Friday, June 26, 2009

Golden Hero From ... Russia?

I had to put aside my very pressing work on the biography of Edward C. Harwood to honor my subject's great respect for the gold standard and sound commercial banking, when I saw an ad on the front page of Section 2 of the Financial Times today. Unfortunately, I can't locate a link to the ad itself, but it says:

"THE FAST TRACK OUT OF THE CRISIS
The New Global Payment Unit
Troy Ounce Fine Gold 999.9
Paper money or real gold?
It's your call."

I immediately realized this was the handiwork of either a madman or a genius, or some combination of both, and so I set about finding out more about the fellow. Indeed, he is both.

He is a Russian billionaire named German Sterligov, and he has come up with a new, yet age-old idea: Using gold in international exchange transactions. He has ordered to be stamped under the label "ASCENT" (Anticrisis Settlement & Commodity Centre) 1.1 million Troy ounces of gold, acceptable at any ASCENT office worldwide in international trade deals done through his offices.

This fits in with the rest of his business, which is international barter exchange, a transaction style dear to the Russian heart according to some of the information I found on his US website.

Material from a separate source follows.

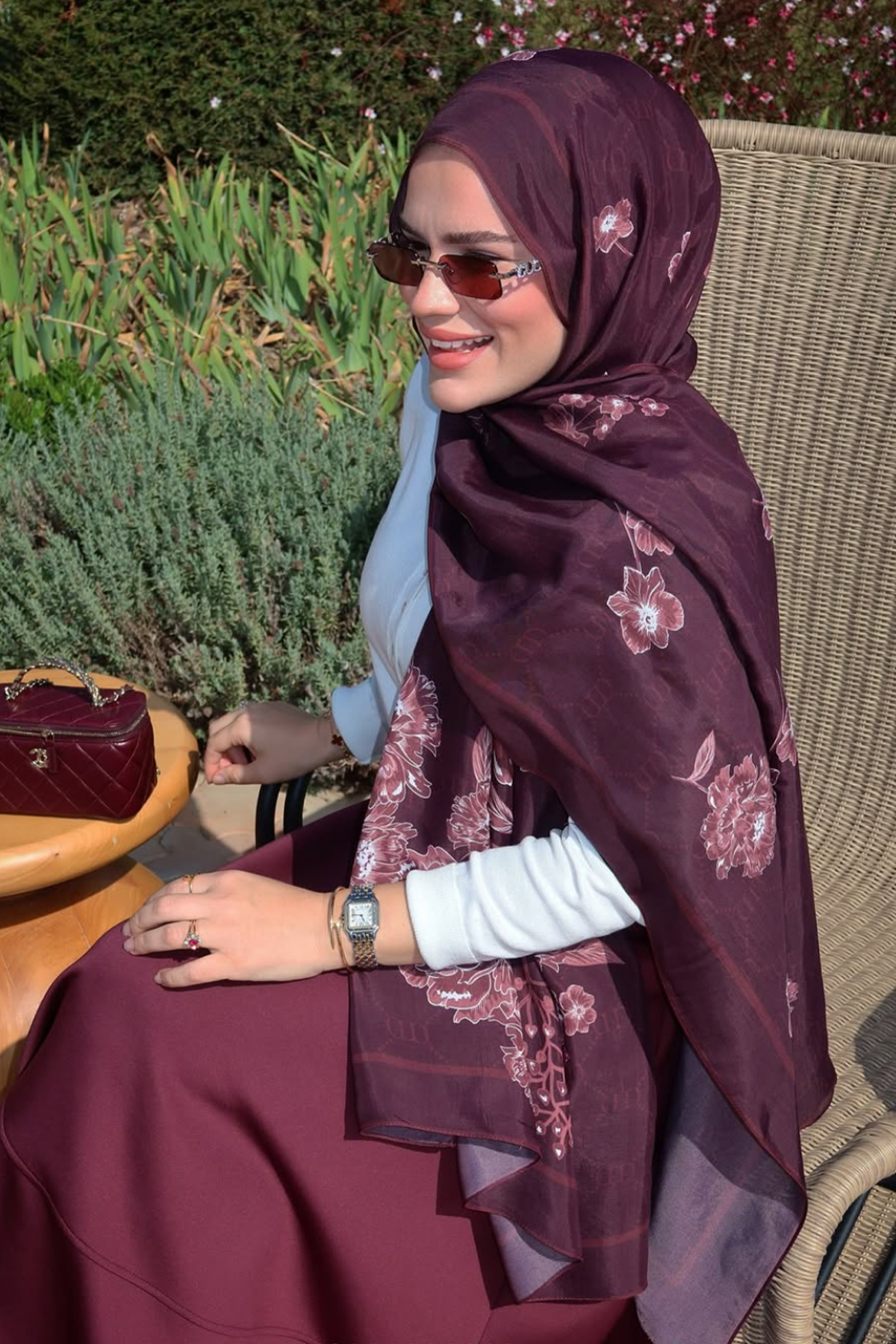 Tuğbanın Tercihi Floriva Monogram Floş Şal Kızıl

On the European version, I found these two short videos featuring the madman-genius himself--a most intriguing character.

Interview with CNBC on June 23, 2009

Interview on Aljazzeera on May 4, 2009

I think I could grow to like the guy. He became rich in his twenties; he lost the Russian Presidential election to Putin in 2004; and now he raises goats.

goat
[Thanks to Farmtoconsumer.org for the photo.]

I assume he has squirreled his riches away somewhere (and I bet I know where that is).

I agree with everything he says about gold, its historical use, and its potential to help rectify much that ails the world today. On the other hand, I fear for his life, because for this system to become a reality, many central bankers and the politicians who use them will find the competition unbearable.

I will watch this with great interest. Mr. Sterligov, please watch your back. You are playing a game with potentially some very powerful and nasty opponents. If you have any success at all, you will soon be challenged by all the armaments the current monetary authorities and legislators of the world can summon from their reading of the law, and from their judges and alphabet hit men. After all, centralized government's very survival depends upon the powers derived from fiat paper currency.

You could use some help from some small-government politician with the foresight to see the potential of your idea to get the forgotten men and women back to center stage, someone who has the guts and the personality to seize the moment and make a run for it. More power to you and this rare politician, Mr. Sterligov.